Considering ITM Put Options?

There is always potential for the market or individual stocks to move lower despite this incredible bullish run over the last several months. In fact, many traders never even think about bearish strategies because they are always looking for bullish options. Option traders know that stocks and markets do not always go up, but many will wait until they think the decline is over to once again look for a bullish strategy instead of taking advantage of bearish opportunity at hand. Understanding put options is a must for option traders but I am often asked how to choose strike prices. There are several different options to consider and here are a few things to consider specifically based on an expected small move in the underlying. But first let us take break down the anatomy of a put option.

A buyer of a put option has the right, but not the obligation to sell shares of underlying stock at a certain price on or before an expiration day. The price at which the buyer can sell the shares is called the strike price. There are many strike prices and expirations to choose from which can be overwhelming for a trader. When expecting a stock to make a small move especially if the stock is lower in price, it may be advantageous for the trader to select an in-the-money (ITM) put option. An ITM put option is a put with a strike price that is higher than the stock’s current price. Before going further, here’s a look at a possible scenario where buying an ITM put might be warranted.

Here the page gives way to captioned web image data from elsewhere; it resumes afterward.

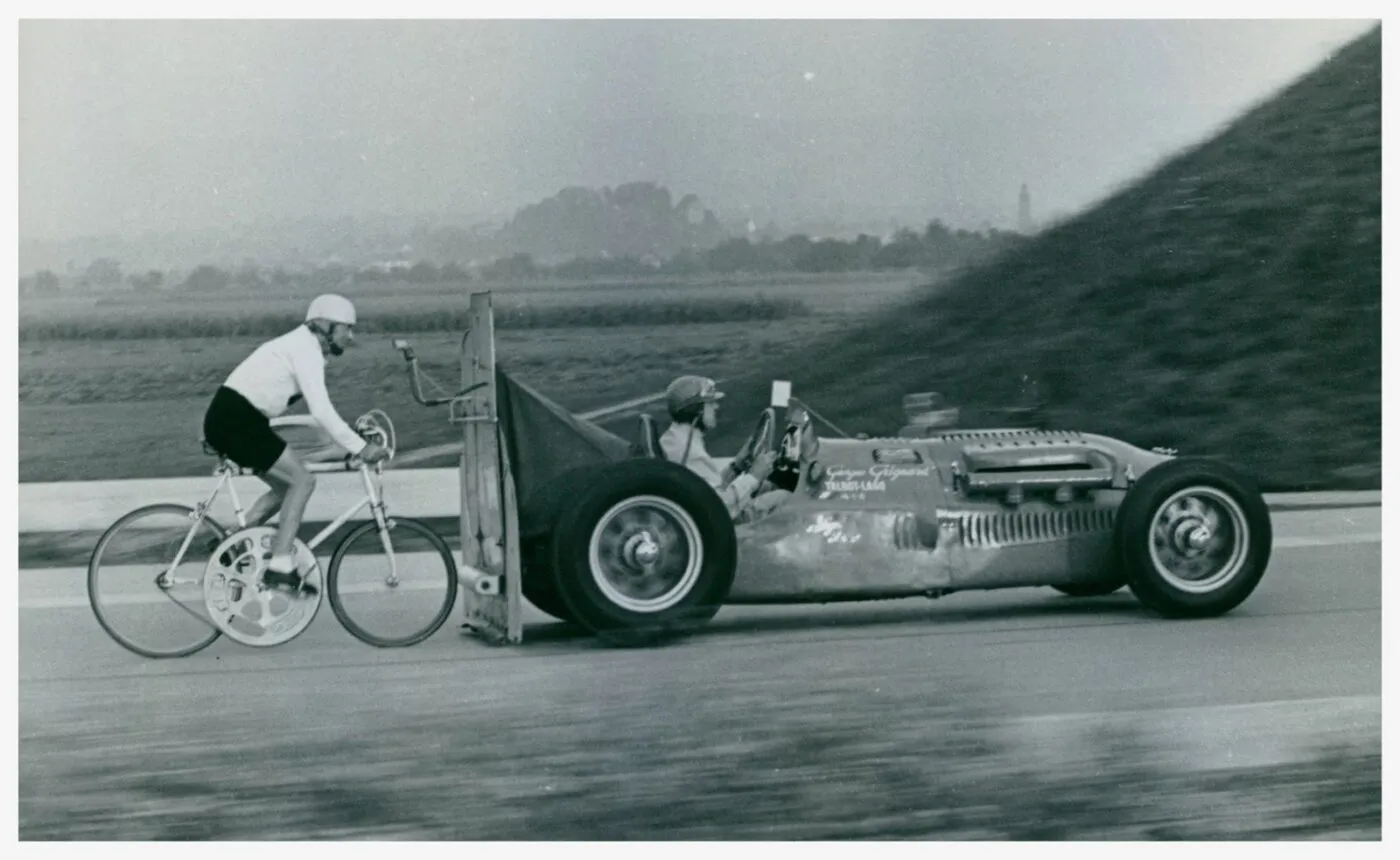 Người đàn ông đạp xe 200 km/h cách đây hơn 60 năm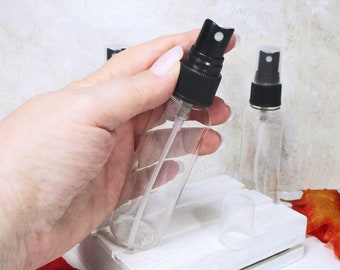 Bouteilles en plastique transparent de 2 oz, lot de 3 vaporisateurs avec bouchon vaporisateur noir ou blanc, vaporisateur de voyage ou vaporisateur de salle de bain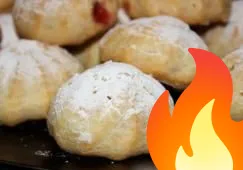 Постер Профитроли с клубничной начинкой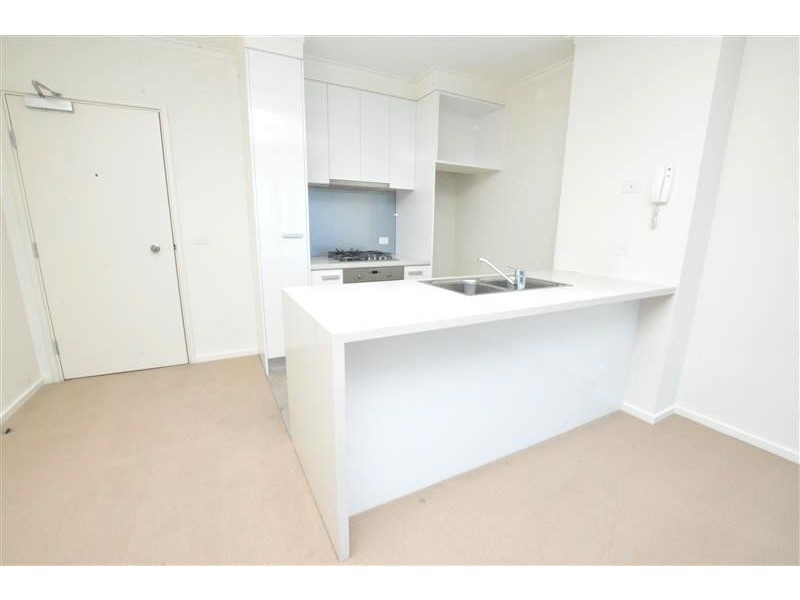 REF 23550/180 City Road, Southbank VIC 3006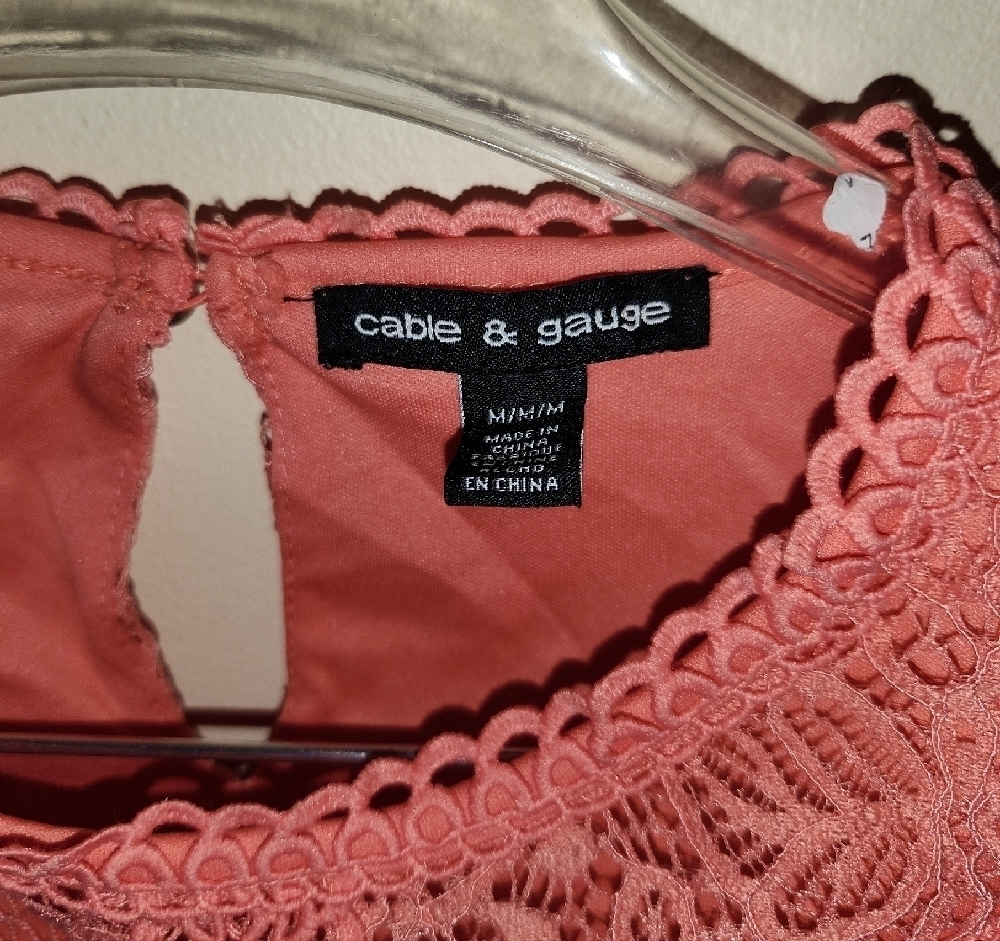 Cable & Gauge Coral Lace Top Medium - Picture 2 of 3
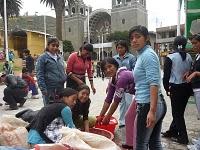 Alfombras de la I.E. Simón Bolívar para el CORPUS CHRISTI (Otuzco 2010 )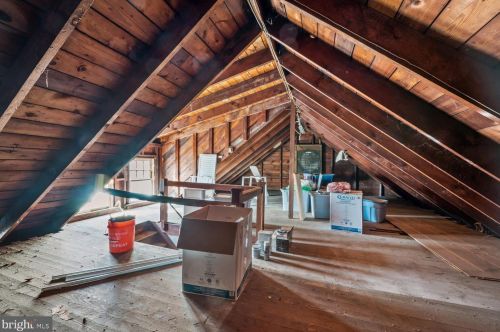 17 Morningside Dr, Trenton NJ 08618-4914 exterior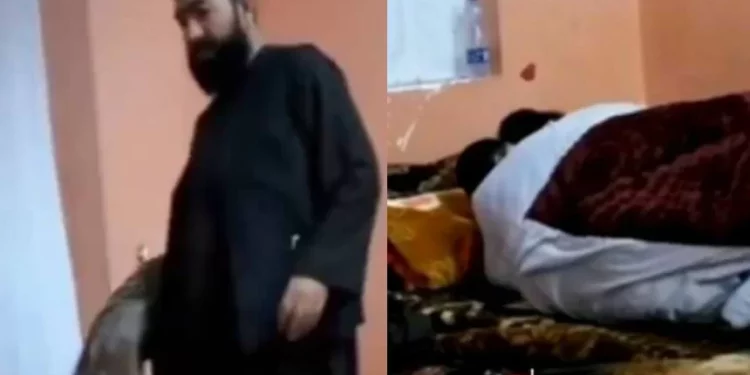 Afganistán: Filtran un video escándalo del Jefe talibán junto a un hombre en la cama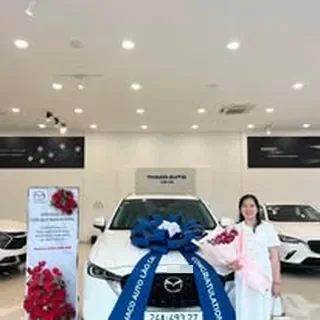Ảnh giao xe Mazda Lào Cai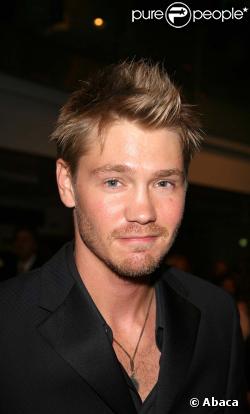 Chad Michael Murray joue Lucas Scott 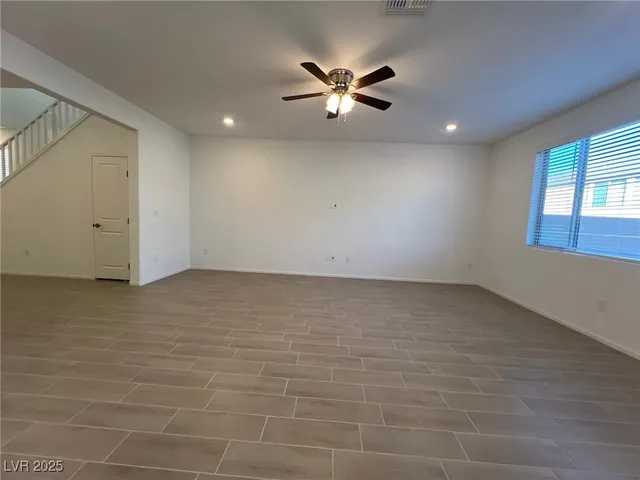 $2,450 | 7470 South Pioneer Way, Las Vegas, NV 89113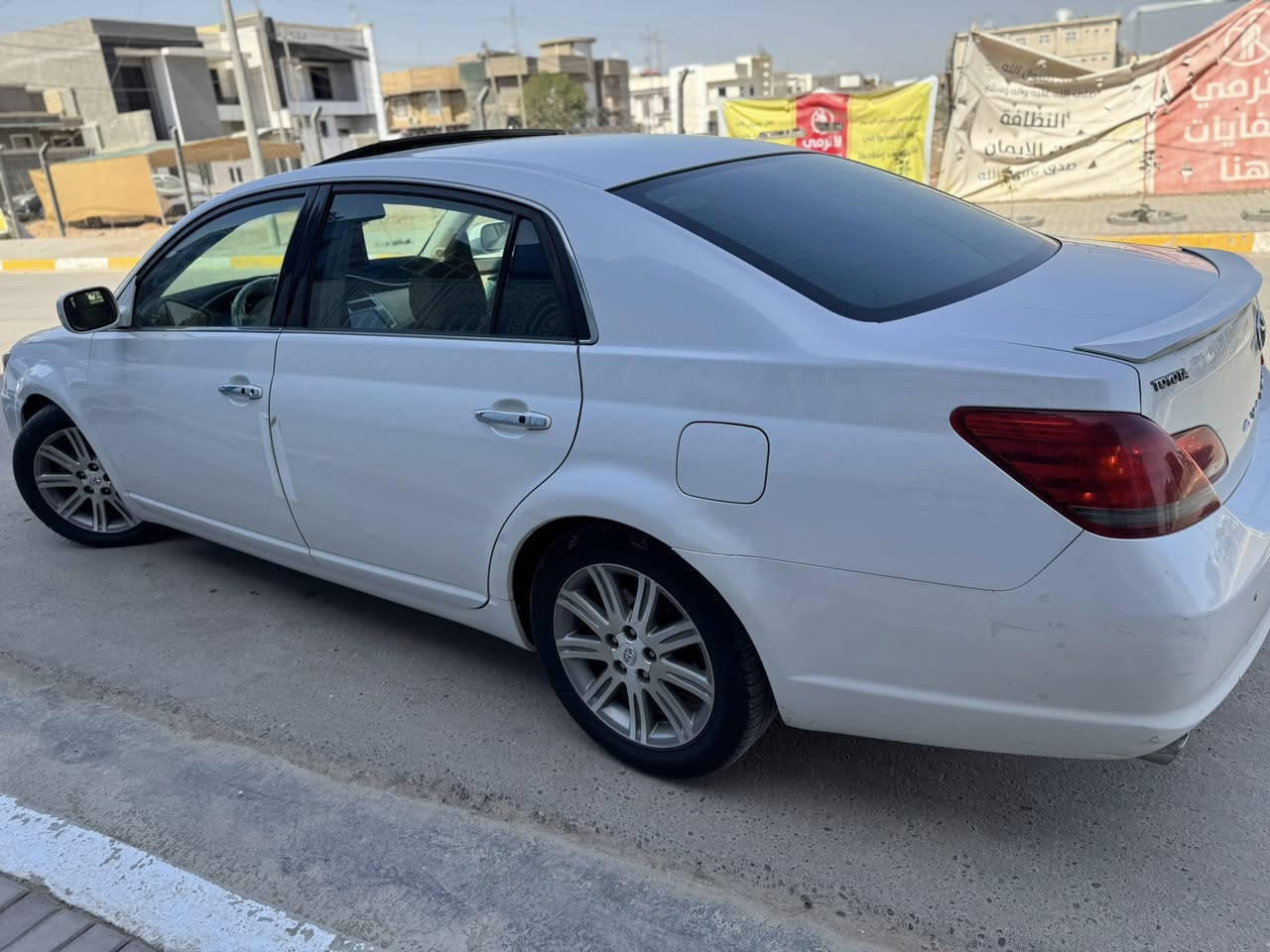 افلون 2008 خليجي 
بدون صبغ 
مكينة جديده مع كامل التفرعات 
تبريد جديد 
حداديه 100‎%‎
بيه باب الصدر مبدله نفس اللون 
بأسمي مكاني الديوانية 
140 
***********
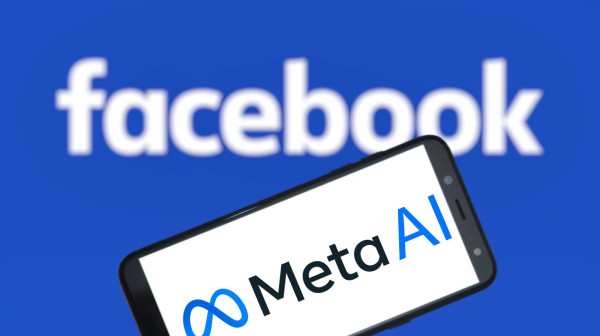 Kineska firma preplavila Facebook oglasima za AI "deepfake" pornografiju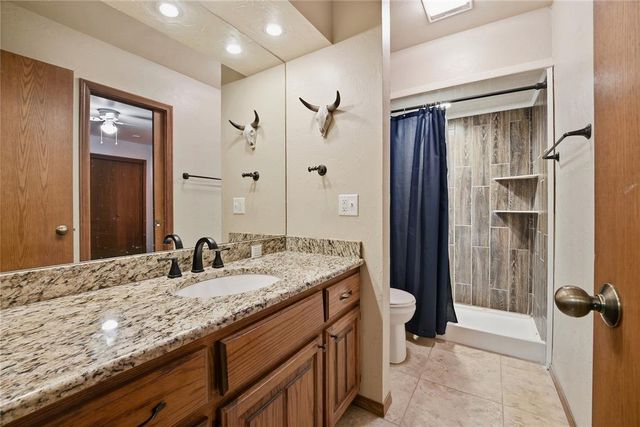 1305 Mockingbird Lane, Guthrie, OK 73044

An ITM put option can be used to capture a relatively small move lower. Suppose an option trader is watching a $10 stock in a downtrend. The stock then rallies higher and now he thinks it is a good time to enter a bearish position with a put option. He surmises the stock might be able to drop about $0.50.

A critical point about capturing this potential $0.50 move down revolves around option delta. Option delta is the rate of change in the option’s value relative to the change in the stock price. Puts have a negative option delta because if the stock rises, puts will lose some of their value. Since puts give the owner the right to sell stock, puts gain value as the stock falls. In this example, the trader is expecting only a $0.50 move lower. Buying an ITM put that has a higher option delta will profit more than a put with a smaller option delta if the anticipated move comes to fruition.

With the stock trading just under $10, the option trader looks at the 10 and 12 strike puts. The 10 strike puts have an option delta of about -0.55 and the 12 strike puts have an option delta of about -0.90. This means that for every $1.00 the stock moves down, the 10 strike put’s premium should increase by $0.55 and the 12 strike put’s premium should increase by $0.90 all other factors held constant. The reverse is also true. If the stock moves higher by $1.00, each put would lose value in the amount of their deltas. Since the expected move is only $0.50, half the deltas would be gained or loss depending on the direction of the stock.

Final Thoughts…

Buying an ITM put option is not always the best way to capture a stock’s move lower, but when it comes to profiting on a perceived small move, an option trader should consider a put option position with a higher option delta and do so with the satisfaction of knowing their loss potential is limited to the cost of the put option.

Happy Memorial Day!

John Kmiecik

Senior Options Instructor

Market Taker Mentoring Inc.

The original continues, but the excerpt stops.